New European Energy Giant Emerges as Suez, GdF Shareholders Back Tie-Up

Published: 17 July 2008
Shareholders in Gaz de France (GdF) and Suez have given their near-unanimous support to a merger of the two companies, overcoming the final hurdle in the process and putting the new firm on track for launch within a week.

Global Insight Perspective

 

Significance

The vote caps off a two-and-a-half year process, which has seem much drama and controversy.

Implications

The deal effectively privatises GdF, but will create for France a new energy giant that will assume a place among the top tier of European utilities.

Outlook

The near-term focus for GdF Suez will be to amalgamate its structures and operations to take advantage of the substantial synergies in the two companies’ businesses; however, the company is already beginning to look ahead to new opportunities to grow its business, including taking a lead role in Europe's nuclear energy revival.

The Vote

The long-running process to merge GdF, the former French gas monopoly, and Suez, the Franco-Belgian energy and environmental utility, has attracted its fair share of opposition. However, yesterday, company shareholders left no doubt over their views of the merits of the proposal. In two near-unanimous votes, GdF and Suez investors voted in favour of the merger, overcoming the final hurdle in the process, and putting the new firm, to be known as GdF Suez, on track for launch on 22 July.
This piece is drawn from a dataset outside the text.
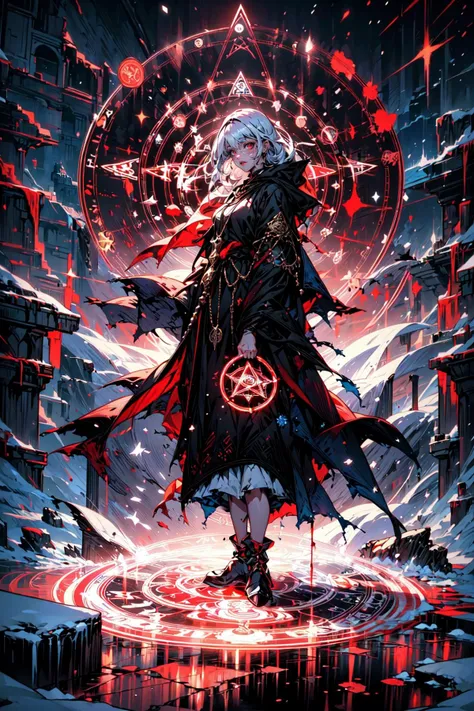 (masterpiece, best quality, detailed, high definition, vibrant colors), red theme, dark fantasy, dramatic, grim, bleak, full body, (priestess), standing, hood up, white hair, white robe, torn clothes, blood ritual, (magic circle), overflowing energy, (blood), outdoors, nighttime, snow, blizzard, clouds, mountains, rocks, winter <lora:magic circle_v2.0:0.6>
Yesterday morning, more than 99% of Suez shareholders gave their backing to the deal, having received a last-minute incentive in the form of a promised special dividend payment once the new company is formed. The overwhelming support is a testament to the fair terms of the deal, which were struck in September last year following intervention by French President Nicolas Sarkozy. The deal will see Suez's water and environmental division, Suez Environnement, split off into an independent unit with existing Suez shareholders to take 65% of the capital in the new entity and the remaining 35% to be owned by GdF Suez. Suez shareholders will then trade 22 of their shares for 21 in GdF, to reflect the remaining valuation difference between the groups.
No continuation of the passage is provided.